++++ AVAILABLE DATA ++++

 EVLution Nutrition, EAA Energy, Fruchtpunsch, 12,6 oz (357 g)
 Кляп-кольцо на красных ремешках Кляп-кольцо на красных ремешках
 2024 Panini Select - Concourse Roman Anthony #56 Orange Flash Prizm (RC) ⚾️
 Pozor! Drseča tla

++++

**TASK**
Your response should consist solely of the lines from the one that holds "2024 Panini Select" through the end of the listing above, reproduced exactly.

**WRITTEN RESPONSE**
 2024 Panini Select - Concourse Roman Anthony #56 Orange Flash Prizm (RC) ⚾️
 Pozor! Drseča tla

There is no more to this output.